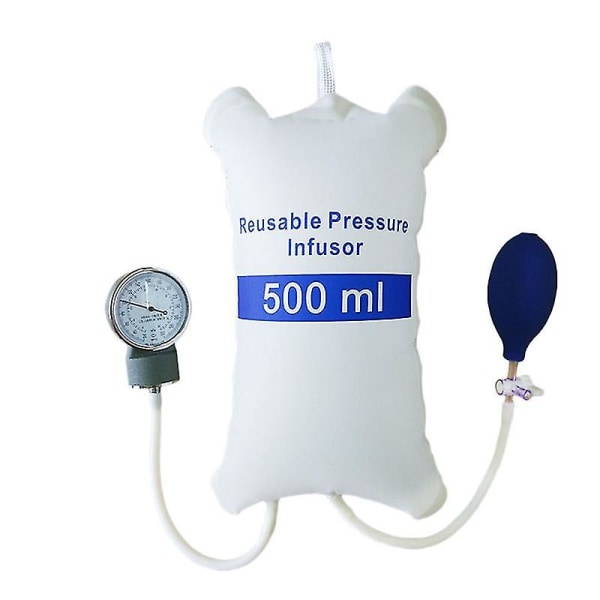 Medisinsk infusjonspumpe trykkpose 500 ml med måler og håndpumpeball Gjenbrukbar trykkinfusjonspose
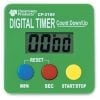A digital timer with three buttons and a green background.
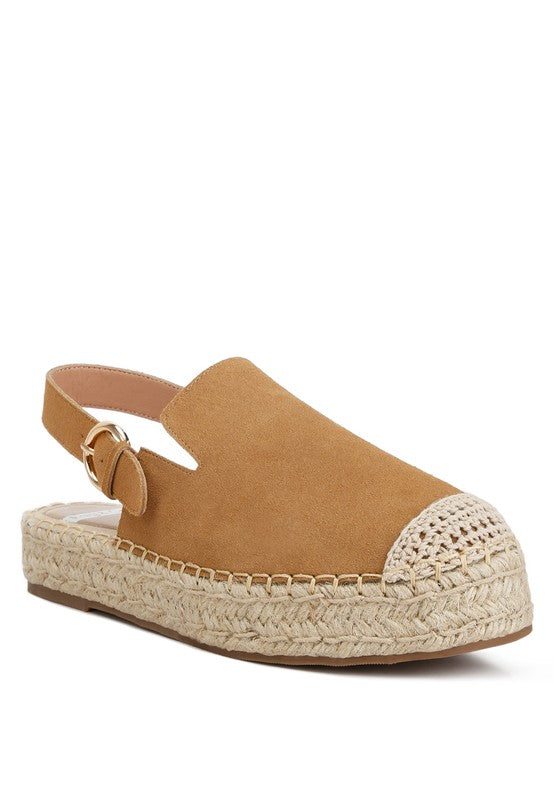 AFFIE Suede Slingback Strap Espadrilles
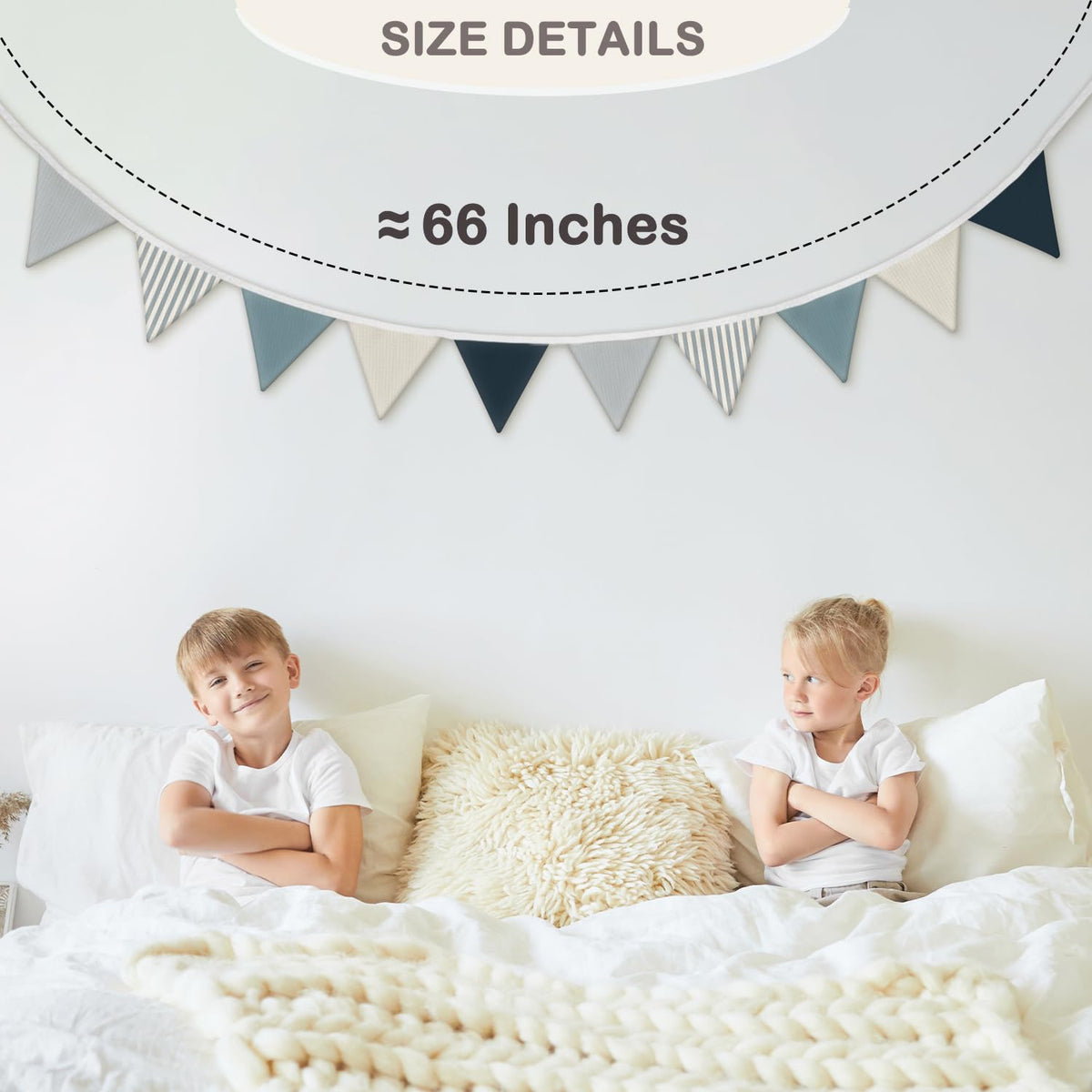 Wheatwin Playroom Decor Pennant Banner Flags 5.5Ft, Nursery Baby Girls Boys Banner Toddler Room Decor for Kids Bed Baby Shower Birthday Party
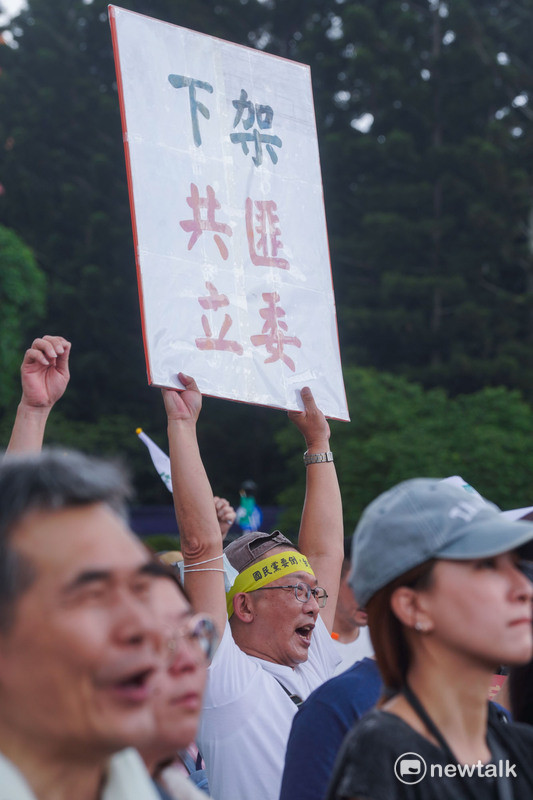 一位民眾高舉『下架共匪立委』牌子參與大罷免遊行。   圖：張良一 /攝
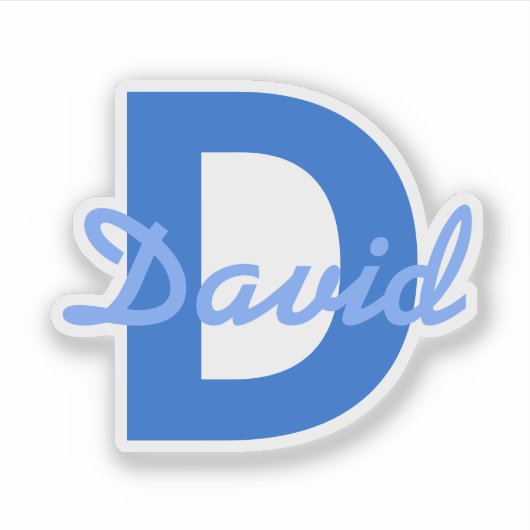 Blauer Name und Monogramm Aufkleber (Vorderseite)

---

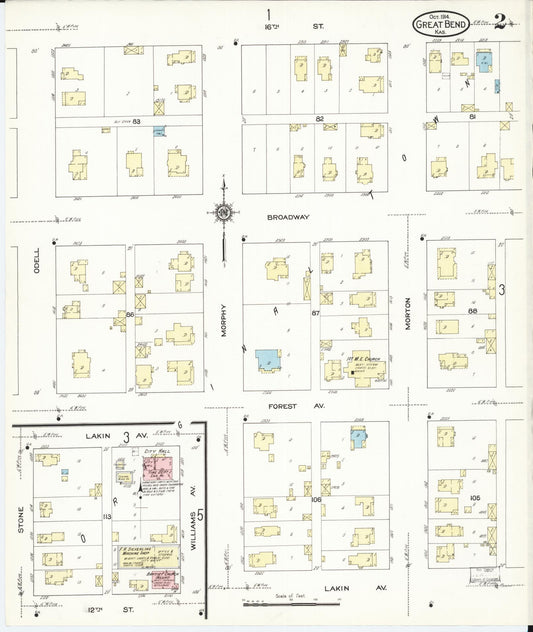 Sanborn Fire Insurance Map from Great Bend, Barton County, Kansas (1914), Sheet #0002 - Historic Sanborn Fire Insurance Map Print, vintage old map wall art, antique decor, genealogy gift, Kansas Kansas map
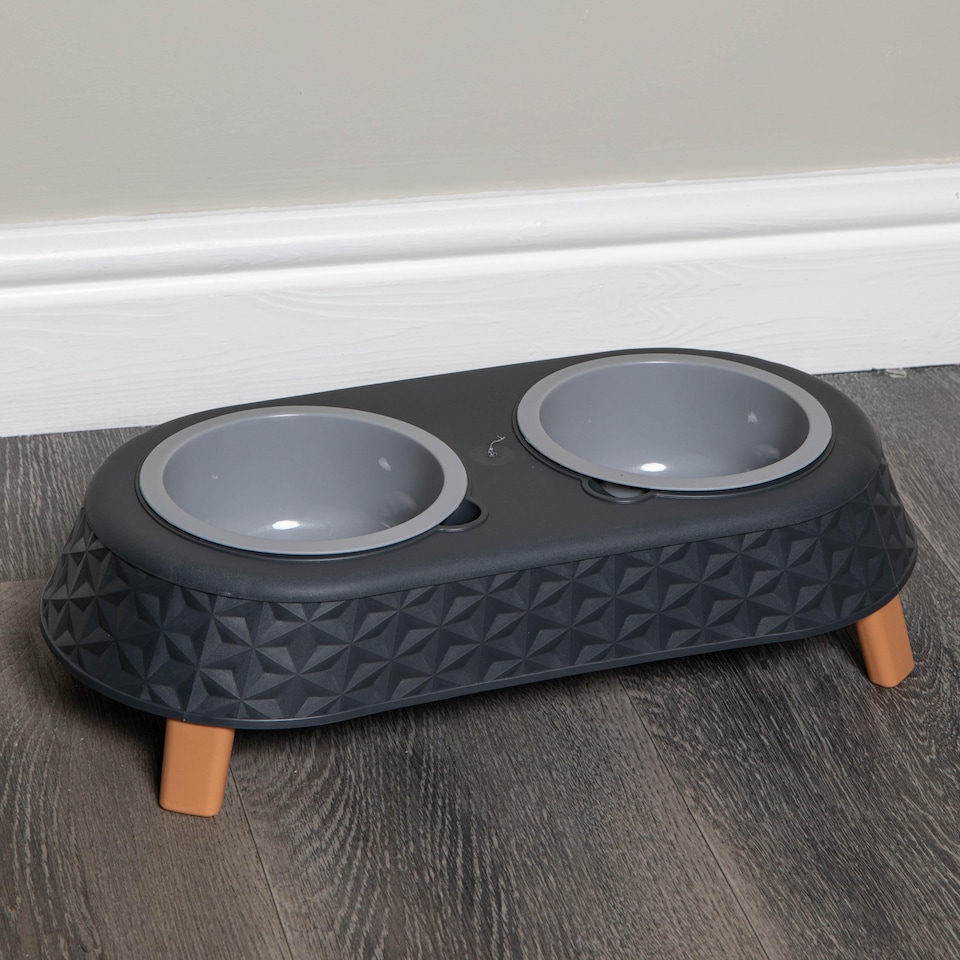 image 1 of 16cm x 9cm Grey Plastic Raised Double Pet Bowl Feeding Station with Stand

- **ACTIVITY**: Copy the lines above exactly, starting with the line that contains "Wheatwin Playroom Decor" and ending with the line that contains "Blauer Name und", and leave out any pictures.

- **THE ANSWER**:
 Wheatwin Playroom Decor Pennant Banner Flags 5.5Ft, Nursery Baby Girls Boys Banner Toddler Room Decor for Kids Bed Baby Shower Birthday Party
 一位民眾高舉『下架共匪立委』牌子參與大罷免遊行。   圖：張良一 /攝
 Blauer Name und Monogramm Aufkleber (Vorderseite)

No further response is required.